Some shouts of approval could be heard through the noise, and Brother Bethune continued in rising shouts of his own. “Jack was getting to be one of the best-known farmers of this end of the ridge! He raised all his folks’ cotton and corn, sorghum, hay and peas, peanuts, potatoes, and watermelons! And all needing him as bad as I ever saw crop needing man! He’d grind him his cane at the
right time and sell his syrup to the public!” As Jack made his way down the table, Brother Bethune’s tongue got faster and faster. “Cuts him and sells him his wood in winter, and all of it goes to Curly Stovall—the Renfros don’t even get the sawdust! Ha! Ha! Ha! Slops him a pig or two! Concerned in raising him a herd of milkers! And his daddy’s still got two left for him to start over with! Best of all, he helps his father and mother by living with ’em! And now! Now that he’s come through all his trials and troubles unscathed and is about to take up where he left off and get everybody back to as good as before—all right, then! Today, the one that gets the baby-kiss for coming the farthest is—Jack Renfro! How do you like that for a change, Brother Nathan? All right, Jack!” shouted Brother Bethune, though he could scarcely have been heard by now over the other shouts, the teasing, and the dog-barking. “You wasn’t a lick too soon!”

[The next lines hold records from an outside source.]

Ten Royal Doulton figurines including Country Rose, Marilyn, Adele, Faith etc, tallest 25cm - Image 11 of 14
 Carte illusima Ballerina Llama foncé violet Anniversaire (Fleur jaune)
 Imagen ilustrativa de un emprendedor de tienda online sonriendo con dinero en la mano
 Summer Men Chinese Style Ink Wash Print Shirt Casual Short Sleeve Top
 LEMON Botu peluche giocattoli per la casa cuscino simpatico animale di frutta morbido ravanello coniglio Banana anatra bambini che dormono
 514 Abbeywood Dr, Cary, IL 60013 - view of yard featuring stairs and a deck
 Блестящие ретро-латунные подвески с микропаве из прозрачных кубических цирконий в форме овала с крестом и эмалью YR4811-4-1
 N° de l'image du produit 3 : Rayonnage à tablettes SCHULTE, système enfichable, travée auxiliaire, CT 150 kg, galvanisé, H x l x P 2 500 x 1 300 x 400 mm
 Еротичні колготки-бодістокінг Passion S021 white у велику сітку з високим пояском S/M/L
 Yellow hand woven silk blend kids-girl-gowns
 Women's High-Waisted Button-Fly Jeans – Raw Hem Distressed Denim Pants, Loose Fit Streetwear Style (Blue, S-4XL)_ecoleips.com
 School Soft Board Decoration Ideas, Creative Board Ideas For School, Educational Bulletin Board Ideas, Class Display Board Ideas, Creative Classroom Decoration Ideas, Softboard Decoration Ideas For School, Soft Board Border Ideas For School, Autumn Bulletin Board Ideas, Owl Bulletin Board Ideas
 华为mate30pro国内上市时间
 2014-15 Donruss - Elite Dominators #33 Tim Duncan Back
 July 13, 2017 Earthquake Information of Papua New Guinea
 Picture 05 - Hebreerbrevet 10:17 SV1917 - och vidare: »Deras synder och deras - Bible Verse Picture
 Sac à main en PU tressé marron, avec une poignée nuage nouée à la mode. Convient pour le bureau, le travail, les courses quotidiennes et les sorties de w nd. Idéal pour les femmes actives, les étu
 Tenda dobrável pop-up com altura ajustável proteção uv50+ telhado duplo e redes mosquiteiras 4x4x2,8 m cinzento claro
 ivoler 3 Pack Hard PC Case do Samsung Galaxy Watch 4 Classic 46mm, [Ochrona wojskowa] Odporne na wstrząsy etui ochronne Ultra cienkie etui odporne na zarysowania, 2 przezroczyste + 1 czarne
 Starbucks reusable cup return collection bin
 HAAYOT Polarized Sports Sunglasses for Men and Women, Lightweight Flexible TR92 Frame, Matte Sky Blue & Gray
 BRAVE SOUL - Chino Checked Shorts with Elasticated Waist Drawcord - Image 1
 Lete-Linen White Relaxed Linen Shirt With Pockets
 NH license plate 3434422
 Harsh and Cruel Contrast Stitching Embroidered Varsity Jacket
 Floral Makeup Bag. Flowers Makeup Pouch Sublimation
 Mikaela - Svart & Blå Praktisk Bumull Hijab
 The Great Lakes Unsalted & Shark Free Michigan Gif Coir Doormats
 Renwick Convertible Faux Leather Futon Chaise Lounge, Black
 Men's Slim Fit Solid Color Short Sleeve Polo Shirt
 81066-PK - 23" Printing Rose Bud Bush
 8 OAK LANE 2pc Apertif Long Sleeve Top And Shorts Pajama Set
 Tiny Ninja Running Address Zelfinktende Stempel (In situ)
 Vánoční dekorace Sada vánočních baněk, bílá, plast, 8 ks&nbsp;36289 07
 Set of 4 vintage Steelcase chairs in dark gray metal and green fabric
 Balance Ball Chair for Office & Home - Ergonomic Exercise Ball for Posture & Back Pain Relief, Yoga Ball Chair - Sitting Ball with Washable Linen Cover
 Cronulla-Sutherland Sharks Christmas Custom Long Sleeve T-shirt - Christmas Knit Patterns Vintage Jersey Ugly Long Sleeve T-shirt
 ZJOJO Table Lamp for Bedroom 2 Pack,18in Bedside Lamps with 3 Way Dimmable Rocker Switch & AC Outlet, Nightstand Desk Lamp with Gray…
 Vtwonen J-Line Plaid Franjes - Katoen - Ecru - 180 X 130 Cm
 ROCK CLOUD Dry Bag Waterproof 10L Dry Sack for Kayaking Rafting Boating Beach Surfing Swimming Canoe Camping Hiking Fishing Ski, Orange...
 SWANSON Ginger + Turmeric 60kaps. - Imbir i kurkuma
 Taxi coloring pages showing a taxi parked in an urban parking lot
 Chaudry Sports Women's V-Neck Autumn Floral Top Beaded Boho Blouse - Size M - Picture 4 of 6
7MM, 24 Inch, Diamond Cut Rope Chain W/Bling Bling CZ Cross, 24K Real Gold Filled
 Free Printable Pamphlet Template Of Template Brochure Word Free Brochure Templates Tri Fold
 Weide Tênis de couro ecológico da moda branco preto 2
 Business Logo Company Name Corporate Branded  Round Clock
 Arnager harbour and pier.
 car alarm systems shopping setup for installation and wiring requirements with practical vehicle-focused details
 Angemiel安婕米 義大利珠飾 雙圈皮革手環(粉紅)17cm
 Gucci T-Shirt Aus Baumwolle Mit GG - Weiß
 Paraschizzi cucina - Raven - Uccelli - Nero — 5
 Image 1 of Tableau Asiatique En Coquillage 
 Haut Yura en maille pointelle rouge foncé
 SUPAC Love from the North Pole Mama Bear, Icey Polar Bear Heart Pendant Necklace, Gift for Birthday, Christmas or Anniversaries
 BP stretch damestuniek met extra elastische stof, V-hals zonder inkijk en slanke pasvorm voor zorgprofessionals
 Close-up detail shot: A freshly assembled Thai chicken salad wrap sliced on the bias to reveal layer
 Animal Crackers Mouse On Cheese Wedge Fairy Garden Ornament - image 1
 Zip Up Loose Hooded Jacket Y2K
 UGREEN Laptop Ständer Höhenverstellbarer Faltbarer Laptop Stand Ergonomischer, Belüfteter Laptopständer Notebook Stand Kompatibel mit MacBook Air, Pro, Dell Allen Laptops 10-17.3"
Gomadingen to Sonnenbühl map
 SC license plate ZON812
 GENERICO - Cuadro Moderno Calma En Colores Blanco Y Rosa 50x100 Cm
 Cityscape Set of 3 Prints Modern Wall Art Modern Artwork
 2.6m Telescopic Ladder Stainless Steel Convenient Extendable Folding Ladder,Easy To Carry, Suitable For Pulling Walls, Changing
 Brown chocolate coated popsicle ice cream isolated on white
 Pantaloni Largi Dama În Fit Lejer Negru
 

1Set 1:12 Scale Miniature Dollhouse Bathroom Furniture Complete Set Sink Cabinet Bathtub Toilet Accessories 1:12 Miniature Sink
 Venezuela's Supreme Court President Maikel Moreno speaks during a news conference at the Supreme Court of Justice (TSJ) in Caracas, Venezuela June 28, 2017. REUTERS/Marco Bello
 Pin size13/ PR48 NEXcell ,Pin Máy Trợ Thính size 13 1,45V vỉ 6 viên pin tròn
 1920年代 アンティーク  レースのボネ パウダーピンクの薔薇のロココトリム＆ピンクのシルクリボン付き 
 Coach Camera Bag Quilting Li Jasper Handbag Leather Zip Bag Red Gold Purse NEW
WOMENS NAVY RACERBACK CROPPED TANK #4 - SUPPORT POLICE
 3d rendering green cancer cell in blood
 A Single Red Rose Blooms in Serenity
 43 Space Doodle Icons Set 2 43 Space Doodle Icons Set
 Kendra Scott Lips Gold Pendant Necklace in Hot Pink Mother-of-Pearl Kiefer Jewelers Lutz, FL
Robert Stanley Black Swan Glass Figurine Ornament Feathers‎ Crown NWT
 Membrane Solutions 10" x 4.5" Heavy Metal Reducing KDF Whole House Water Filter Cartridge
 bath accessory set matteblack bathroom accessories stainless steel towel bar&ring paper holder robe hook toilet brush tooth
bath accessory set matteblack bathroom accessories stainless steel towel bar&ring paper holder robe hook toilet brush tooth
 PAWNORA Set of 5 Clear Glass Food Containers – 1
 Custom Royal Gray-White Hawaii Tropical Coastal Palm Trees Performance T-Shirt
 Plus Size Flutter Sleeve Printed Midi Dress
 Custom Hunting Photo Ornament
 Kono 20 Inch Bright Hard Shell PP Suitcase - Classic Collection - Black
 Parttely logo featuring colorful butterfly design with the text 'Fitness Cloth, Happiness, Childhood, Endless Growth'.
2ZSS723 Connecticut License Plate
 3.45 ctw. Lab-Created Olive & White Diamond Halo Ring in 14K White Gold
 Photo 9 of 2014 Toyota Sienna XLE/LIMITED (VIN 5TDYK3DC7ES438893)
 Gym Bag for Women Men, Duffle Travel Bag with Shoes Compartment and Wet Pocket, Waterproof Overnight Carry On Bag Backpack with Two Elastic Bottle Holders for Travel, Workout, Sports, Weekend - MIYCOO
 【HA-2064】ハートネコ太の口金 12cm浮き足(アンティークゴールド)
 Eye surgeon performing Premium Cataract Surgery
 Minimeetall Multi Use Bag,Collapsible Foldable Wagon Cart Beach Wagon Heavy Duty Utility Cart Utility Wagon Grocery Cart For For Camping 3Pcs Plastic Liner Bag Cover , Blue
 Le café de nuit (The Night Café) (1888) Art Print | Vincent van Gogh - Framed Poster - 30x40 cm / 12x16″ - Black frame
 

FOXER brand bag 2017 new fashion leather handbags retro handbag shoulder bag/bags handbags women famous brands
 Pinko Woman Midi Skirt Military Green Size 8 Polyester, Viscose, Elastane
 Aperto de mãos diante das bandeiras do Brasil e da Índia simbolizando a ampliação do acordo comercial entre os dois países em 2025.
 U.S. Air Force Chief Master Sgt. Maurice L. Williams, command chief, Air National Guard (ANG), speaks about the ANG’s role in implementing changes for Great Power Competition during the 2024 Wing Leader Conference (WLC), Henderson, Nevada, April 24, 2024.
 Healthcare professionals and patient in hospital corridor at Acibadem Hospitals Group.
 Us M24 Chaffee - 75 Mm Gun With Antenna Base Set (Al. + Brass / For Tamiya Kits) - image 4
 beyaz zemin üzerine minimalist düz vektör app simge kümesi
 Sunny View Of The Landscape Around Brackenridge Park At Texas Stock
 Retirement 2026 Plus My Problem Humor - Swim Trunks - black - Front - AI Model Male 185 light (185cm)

A baby, like something coming on wings, was shoved into Jack’s face. It was still Lady May, in Aunt Nanny’s hands.
“Haul yourself off the sugar barrel, Noah Webster—that’s Jack’s,” said Miss Beulah, and he had to bring up a stepladder for himself and wedge it in on the other side of Aunt Cleo, almost in Miss Lexie Renfro’s lap. Miss Beulah pushed Jack onto the barrel there at the foot of the table, where he and Granny could face each other, and cried, “Now, start catching up!” as she turned a dozen pieces of chicken onto a platter in front of him. “All right, Gloria,” she said. “Now you. I saved you the baby-rocker.”
Gloria lowered herself and slid in. The rocker, there below Jack’s barrel, was slick as a butter paddle and so low to the ground that her chin was barely on a level with the edge of her plate. The baby sat on her lap; only her little cockscomb could have been visible to those up and down the table.
“Did Brother Bethune forgive Jack? Or not?” Aunt Birdie was asking the other aunts.